Personal defibrillator, $1,199.00..


A baby

Familiar with that often maternal question when you and your SO visit for the holidays: "So, when can I expect some grandkids?" Your parents are empty-nesters and at least one of them has a horrible allergy to pet dander. They set extra places at dinner every night for you and your departed siblings, inevitably make too much food, and watch the steam rise from your uneaten meal and dissipate in the harsh kitchen light. Then they shovel the food into their Tupperware containers and spend the rest of the night wondering when their children are going to procreate and give them something to dote over. This Christmas, don't you think you owe it to your parents to skip your birth control? Remember, diamonds can be stolen but a baby is forever, or at least for probably as long as the rest of your life, which works out to be pretty much the same thing when you get down to it.


Your child, no initial payment required.

Image from Vivid Pixels/Shutterstock


Entry into the world of old-person discounts

AARP is sort of like a mafia for people over 50 except without the leather jackets and billy clubs, which lose their appeal anyway at a certain level of maturity. Members get all kinds of sweet discounts on stuff people who've accumulated a bit of money over a lifetime of relentless toil have a right to enjoy — travel, fancy dinners, and shopping. And this all because the stigma of aging in this country is such that people will give older people all kinds of crap for reduced prices just so they won't be burdened with the guilt of pushing burdensome older relations into nursing homes. If you're squeamish about making someone feel old by giving them this present, consider what my dad said to me after joining AARP when he turned fifty and getting a movie ticket discount: "I bet you have to pay full price, huh? Sucks to be twenty."
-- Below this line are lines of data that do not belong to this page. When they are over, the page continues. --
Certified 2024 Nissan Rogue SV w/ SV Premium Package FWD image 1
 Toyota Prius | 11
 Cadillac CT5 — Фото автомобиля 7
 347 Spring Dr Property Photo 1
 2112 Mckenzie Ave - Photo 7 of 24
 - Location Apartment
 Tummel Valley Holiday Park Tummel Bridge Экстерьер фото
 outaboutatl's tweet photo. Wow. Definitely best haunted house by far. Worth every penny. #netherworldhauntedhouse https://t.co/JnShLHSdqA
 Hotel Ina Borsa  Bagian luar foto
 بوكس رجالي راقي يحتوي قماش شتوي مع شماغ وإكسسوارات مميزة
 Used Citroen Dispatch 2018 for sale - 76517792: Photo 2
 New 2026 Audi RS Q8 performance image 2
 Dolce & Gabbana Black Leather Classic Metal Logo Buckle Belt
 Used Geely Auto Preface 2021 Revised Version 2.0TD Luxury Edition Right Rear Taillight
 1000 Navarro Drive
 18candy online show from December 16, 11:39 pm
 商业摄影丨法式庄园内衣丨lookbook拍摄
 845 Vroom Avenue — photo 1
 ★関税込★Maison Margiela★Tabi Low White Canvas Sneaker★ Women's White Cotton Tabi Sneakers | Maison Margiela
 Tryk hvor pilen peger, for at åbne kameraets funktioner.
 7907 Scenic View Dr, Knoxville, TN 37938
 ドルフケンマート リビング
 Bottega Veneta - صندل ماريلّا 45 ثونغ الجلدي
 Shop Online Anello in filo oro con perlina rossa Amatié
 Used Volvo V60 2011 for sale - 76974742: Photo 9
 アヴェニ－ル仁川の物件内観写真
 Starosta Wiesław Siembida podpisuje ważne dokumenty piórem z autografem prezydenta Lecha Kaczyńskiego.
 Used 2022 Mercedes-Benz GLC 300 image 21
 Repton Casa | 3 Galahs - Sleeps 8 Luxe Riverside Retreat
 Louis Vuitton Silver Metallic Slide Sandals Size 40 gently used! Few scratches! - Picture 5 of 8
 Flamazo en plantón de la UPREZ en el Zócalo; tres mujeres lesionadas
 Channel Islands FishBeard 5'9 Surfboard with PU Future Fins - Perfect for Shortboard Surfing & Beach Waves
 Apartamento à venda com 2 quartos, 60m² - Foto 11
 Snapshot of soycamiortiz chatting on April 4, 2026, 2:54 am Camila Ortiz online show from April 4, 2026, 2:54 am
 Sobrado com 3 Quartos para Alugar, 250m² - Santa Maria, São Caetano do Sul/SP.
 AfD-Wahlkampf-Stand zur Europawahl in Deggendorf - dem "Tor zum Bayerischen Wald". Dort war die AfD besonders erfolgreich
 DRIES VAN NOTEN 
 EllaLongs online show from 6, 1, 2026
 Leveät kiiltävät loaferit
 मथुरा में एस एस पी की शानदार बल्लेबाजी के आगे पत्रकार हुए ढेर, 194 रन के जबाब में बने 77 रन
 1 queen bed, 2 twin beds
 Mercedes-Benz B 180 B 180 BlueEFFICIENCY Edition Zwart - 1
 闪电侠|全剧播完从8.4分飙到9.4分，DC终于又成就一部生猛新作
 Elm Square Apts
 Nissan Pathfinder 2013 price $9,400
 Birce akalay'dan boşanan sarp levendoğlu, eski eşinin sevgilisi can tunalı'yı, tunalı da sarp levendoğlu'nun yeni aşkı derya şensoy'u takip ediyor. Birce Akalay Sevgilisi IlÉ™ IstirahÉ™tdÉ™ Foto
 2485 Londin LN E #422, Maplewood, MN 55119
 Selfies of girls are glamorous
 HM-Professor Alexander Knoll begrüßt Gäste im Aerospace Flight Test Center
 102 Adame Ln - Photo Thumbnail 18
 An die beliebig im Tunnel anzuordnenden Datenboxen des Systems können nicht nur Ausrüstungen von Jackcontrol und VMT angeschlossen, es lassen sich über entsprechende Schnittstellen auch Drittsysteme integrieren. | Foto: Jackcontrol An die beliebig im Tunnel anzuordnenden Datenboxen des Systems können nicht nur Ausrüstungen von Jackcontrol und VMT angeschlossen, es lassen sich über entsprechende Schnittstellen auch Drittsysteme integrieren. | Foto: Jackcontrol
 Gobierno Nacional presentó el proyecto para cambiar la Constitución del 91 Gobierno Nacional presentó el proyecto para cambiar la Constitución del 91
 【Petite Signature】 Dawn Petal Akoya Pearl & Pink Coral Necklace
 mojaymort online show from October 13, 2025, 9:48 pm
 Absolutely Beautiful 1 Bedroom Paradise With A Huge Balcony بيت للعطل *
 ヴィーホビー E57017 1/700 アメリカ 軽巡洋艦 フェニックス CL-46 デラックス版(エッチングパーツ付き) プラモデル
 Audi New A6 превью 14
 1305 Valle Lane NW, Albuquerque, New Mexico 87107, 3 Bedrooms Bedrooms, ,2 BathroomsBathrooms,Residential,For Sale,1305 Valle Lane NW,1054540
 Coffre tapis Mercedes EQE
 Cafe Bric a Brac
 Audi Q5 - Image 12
AARP Membership, 1 year for $16.


Pretty pictures of far-flung places

Nothing says, "My life is as settled as the Appalachian Mountains" like a coffee table book. Give this to a relative that always wanted to do a wine tour in Tuscany as a tasteful way to tell that that, even though they probably won't live to realize their dream, they can still look at pictures of other people who did. Also, coffee table books have huge illustrations and sturdy spines, perfect for anyone whose eyesight has diminished with age and who unabashedly takes books into the bathroom.

A coffee table book of Tuscany or some other place your relatives have never and will never visit, $19.77.


Populist booze

That's right, a whole case of the stuff. A case of wine is a good gift if you're really open and comfortable with your parents, an aunt and uncle, or, if you're really new-age, grandparents who you know FOR SURE are still doing it like all the time and will exchange lusty glances when they unwrap your big box of wine.


A case of Kendall Jackson, $100-$400.


Generic gift certificate

You spent too much time stressing about what to get your SO or the finicky SO of an older sibling that you've run out of time to shop for a real present and have to get a gift card. Though it might seem impersonal, if you choose the right store, this could be the gift your older relative gets the most use out of. The best gift certificates are for stores with small and inexpensive items, like Starbuck's, 7-Eleven, or, if you still live near one, a Blockbuster, where $25 will let your lucky relative pillage the discount DVD bin like a Visigoth in ancient Rome.

7-11 Gift Certificate, $25-$35.


Tools for things you can do with your hands

If your relatives are like any of my uncles, they don't need gifts like these because when they have an itch, they use pasta spoons to scratch their backs while they grunt in pleasure like gorillas. For anyone's relatives whose lines of personal hygiene are delineated a little more sharply, this head scratcher is great and the best part is that it looks so much like a kitchen utensil, you can trick your ape-like relatives to use it by hiding it in a kitchen drawer.

Back scratcher, $2.89.


A classy afterlife

For the relative who's come to terms with his or her mortality and would appreciate, instead of a clever Christmas card, something a little more indelible, like an evocative haiku chiseled into piece of granite: "Here lies Uncle Joe/until zombies roam the earth/when he'll eat your brains."


Custom headstone, $285.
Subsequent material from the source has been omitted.